START Data to process
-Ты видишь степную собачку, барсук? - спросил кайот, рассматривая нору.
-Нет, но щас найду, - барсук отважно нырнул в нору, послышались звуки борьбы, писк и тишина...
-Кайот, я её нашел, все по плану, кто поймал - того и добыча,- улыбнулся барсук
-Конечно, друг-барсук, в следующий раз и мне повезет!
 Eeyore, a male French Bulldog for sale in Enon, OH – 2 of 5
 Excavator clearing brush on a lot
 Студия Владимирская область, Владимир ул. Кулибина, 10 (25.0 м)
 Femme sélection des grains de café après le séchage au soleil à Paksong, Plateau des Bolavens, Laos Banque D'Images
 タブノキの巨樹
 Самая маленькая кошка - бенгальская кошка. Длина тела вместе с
END Data to process
# Assignment
Lines that contain "нору" should be pulled from the entries above and reported.

# Completed exercise
-Ты видишь степную собачку, барсук? - спросил кайот, рассматривая нору.
-Нет, но щас найду, - барсук отважно нырнул в нору, послышались звуки борьбы, писк и тишина...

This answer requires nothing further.